For a time, some of that happened—on both mundane and more notable levels. Americans, anecdotal evidence indicated, became a bit more contemplative about their lives and priorities. In the weeks after 9/11, people were more courteous drivers (at least in Washington, DC). They gave other motorists more room and yielded more readily. The media produced stories about America’s place in the world; they explored the simplistic question, “Why do they hate us?” And the politicians did seem to ponder how to govern in a less divisive manner. President George W. Bush’s approval ratings skyrocketed, as Americans of various political bents, including those who had previously scorned the chad-enabled commander-in-chief, rallied around him.
But life often reverts to form, and change is fleeting and not necessarily a guarantee of progress. At some point, the old driving behaviors returned. Americans never did become very well informed about foreign affairs. A political culture of division and spin resumed. And these were all connected—well, maybe not the driving.
This week, the University of Maryland released a 9/11-related poll showing that many Americans remain ignorant about the link between 9/11 and the war Bush and Dick Cheney launched in Iraq. Nearly half of the respondents noted that Iraq was “directly involved” in the 9/11 assaults (15 percent) or gave “substantial support” to Al Qaeda without participating in those attacks (31 percent.). Neither is true. Iraq, as the 9/11 Commission reported, had not been in league with Al Qaeda. It had not provided “substantial” assistance—or any aid of note, for that matter—to Osama bin Laden and his mass-murderers.

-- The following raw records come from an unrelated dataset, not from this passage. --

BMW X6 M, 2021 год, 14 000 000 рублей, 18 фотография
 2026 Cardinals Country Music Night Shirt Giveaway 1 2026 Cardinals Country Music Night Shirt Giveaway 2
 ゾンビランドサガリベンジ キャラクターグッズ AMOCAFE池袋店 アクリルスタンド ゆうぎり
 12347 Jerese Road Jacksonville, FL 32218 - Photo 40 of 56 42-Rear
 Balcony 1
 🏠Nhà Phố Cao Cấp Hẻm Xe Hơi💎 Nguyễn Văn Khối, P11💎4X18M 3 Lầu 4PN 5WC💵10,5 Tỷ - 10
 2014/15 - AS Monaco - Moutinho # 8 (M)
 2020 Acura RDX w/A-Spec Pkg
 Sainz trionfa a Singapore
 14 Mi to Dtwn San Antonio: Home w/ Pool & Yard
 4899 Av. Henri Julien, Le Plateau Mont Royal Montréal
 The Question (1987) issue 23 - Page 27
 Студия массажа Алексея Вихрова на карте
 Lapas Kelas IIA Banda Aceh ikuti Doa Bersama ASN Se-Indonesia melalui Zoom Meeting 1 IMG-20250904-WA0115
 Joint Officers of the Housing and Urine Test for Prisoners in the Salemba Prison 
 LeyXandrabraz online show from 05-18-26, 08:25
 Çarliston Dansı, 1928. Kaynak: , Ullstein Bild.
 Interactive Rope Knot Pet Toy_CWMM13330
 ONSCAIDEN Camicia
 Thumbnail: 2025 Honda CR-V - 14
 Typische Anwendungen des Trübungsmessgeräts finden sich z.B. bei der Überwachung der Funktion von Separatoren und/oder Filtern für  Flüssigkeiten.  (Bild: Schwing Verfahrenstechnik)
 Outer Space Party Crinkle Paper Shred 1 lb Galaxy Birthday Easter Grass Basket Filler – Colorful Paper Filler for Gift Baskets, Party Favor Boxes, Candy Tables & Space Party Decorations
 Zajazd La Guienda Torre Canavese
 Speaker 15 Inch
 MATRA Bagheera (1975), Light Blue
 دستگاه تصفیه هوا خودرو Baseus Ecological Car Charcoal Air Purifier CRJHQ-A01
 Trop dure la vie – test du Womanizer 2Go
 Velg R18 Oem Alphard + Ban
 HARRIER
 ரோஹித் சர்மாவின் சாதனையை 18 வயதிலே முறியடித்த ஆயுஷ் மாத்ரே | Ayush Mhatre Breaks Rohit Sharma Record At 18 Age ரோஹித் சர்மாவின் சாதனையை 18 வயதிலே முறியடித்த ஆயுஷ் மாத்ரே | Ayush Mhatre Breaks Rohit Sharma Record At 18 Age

The same poll also found that about half of Americans (47 percent) believe that prior to the Iraq war, the regime possessed actual weapons of mass destruction or had a major WMD program under way. Again, not true.
Obviously, the trauma of 9/11 did not cause Americans to become knowledgeable about the United States’ most significant overseas endeavor. But one reason for the widespread misbelief is that the political leaders of the country, in the aftermath of the attacks, soon resorted to the usual tactics to manipulate the public discourse, rather than elevate it.